Gardening Australia episode 35 2021

Gardening Australia episode 35 2021

Gardening Australia episode 35 2021: Costa Georgiadis and junior guest presenter Caylee plant herbs; Millie Ross sows native seed; Clarence Slockee meets a couple who have created a market garden at home; Guest presenter Palisa Anderson visits a citrus nursery.


 

 



Inspiring, entertaining and full of practical advice, join Costa Georgiadis and the team as they unearth gardening ideas, meet avid gardeners and look at some of the most inspiring gardens from across the country.

 

Gardening Australia episode 35 2021

 

Productive Illawarra

Clarence meets a couple who have created a market garden in their backyard to grow food for the local community. In the temperate subtropics of the Illawarra, less extreme weather than many parts of Australia can make it the ideal situation for growing food all year round. And growing, sharing, and of course eating food is always an important part of bringing a small community closer together.

Sarah and Ben Anderson’s “backyard wonderland” behind an unsuspecting brick house on the edge of the escarpment, is doing just that. Rows and rows of crops interspersed with fruit trees and an artistic wooden shed with a green roof fill the backyard. They conserve the natural ferny creekway.

When they bought the “old school block in suburbia Woonona” in 2011, the yard was an “overgrown jungle” that had been in one family for a century with a history of market gardening and historic farming over their 4000m2 site. After removing tonnes of grass “we put in 35-40 fruit trees when we first moved in” including bananas, finger limes, Brazilian cherries, and figs, and “it’s evolved over the last few years” with the help from neighbours and friends all chipping in ideas, materials, and time.

The well-mulched crop beds use drip-line irrigation and are full of herbs, lettuce, silverbeet, edible flowers, onions, pumpkins, potatoes… currently pumping out up to 7kg of salad leaves a week! Sarah supplies local cafes with same-day produce and creates beautiful fabric-wrapped seasonal bunches of for a growing number of household customers each week.

Vegie Garden Sink – Gardening Australia episode 35 2021

Tino Carnevale upcycles a sink to wash vegies. Many gardeners will harvest their crops, then take them into the kitchen to wash – sending all their hard-earned soil down the sink, potentially clogging pipes too. Tino has a solution; a re-purposed laundry tub!

Tino’s laundry tub is in his patch. He uses his hose to wash the dirt off his freshly harvested vegies and the water and soil go down the drain, into a bucket he has placed in the cupboard below.
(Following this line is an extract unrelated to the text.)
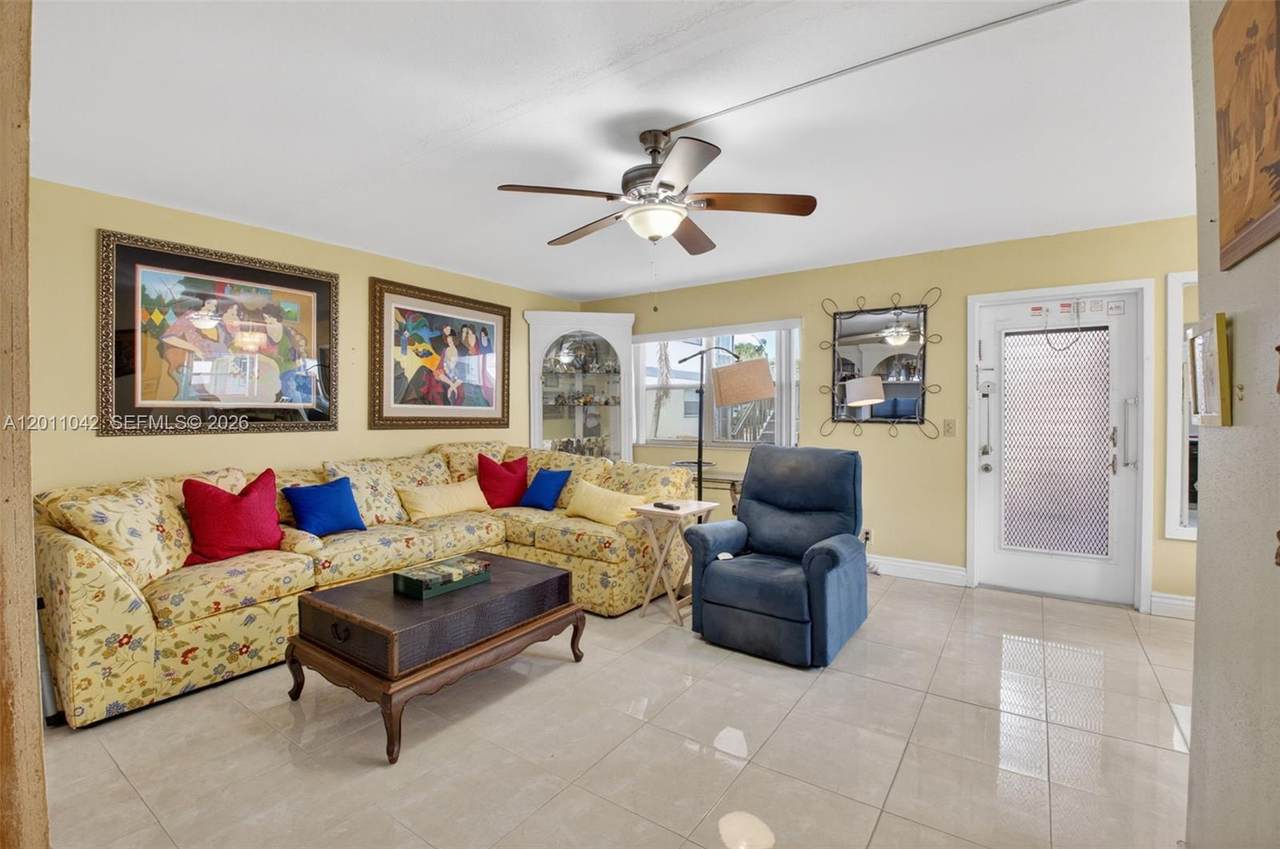 https://bt-photos.global.ssl.fastly.net/miami/1280_boomver_1_A12011042-2.jpg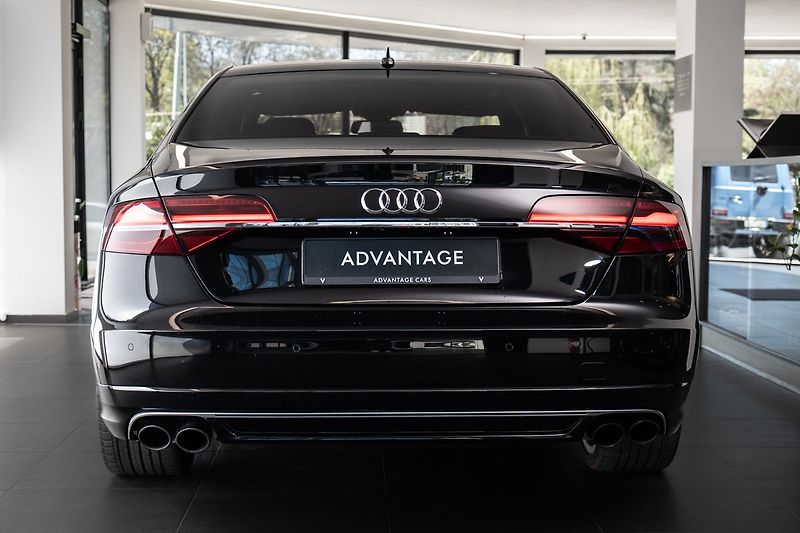 Audi S8 - fotka 3 z 28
Once the vegies are clean and ready to be taken to the kitchen, he simply removes the bucket from underneath and uses it on the garden. The water isn’t wasted, and neither is his precious garden soil!

Native Seeds Unlocked

Millie demonstrates some tricks to successfully growing a range of native plants from seed.

There are a huge range of plants that you can grow yourself from seed including lots of Australian species. From ephemeral wildflowers to towering eucalypts, most of them start in the same place – from a seed. There are so many good reasons to grow from seed – it can be a low-cost way to produce lots of plants to fill out a large space or to share plants with others. Growing from seed also increases genetic diversity in the garden and can result in variation in colour and form.

Insect Damage ID – Gardening Australia episode 35 2021

Jerry Coleby-Williams explains how to identify insect damage. It’s always worthwhile identifying the invertebrates in your garden. Not all of them will leave obvious clues, but if you use the time while you’re out in the garden observing what your creatures scuttle, creep, crawl and fly through your garden it can really pay off.

Jerry keeps a list and has found more than 500 animals visit his garden – most of which don’t need any control at all!

Planting Memories

Josh visits a couple moving from their garden after 40 years to learn about their love of their garden and each other. Gwenda and Ray Kensitt’s current home is surrounded by immaculately tended gardens – layered, dense, tropical, calming, peaceful and productive. The garden has been an integral part of the couple’s home as Ray describes. “The garden is our favourite room in the house, it means the world to us’. Gwenda agrees, adding that “this garden has been built with passion, with care and, most of all, love, over decades”.

Splashes of colour are provided by flowering plants including hibiscus, gingers and cannas, while frangipanis and bromeliads light up the brighter areas. Shape, form and interest is provided by the gnarled, deeply furrowed trunks of some WA Peppermint Trees (Agonis flexuosa), but the focal point of this area of the garden would have to be a spectacular Dragon Tree (Dracaena draco).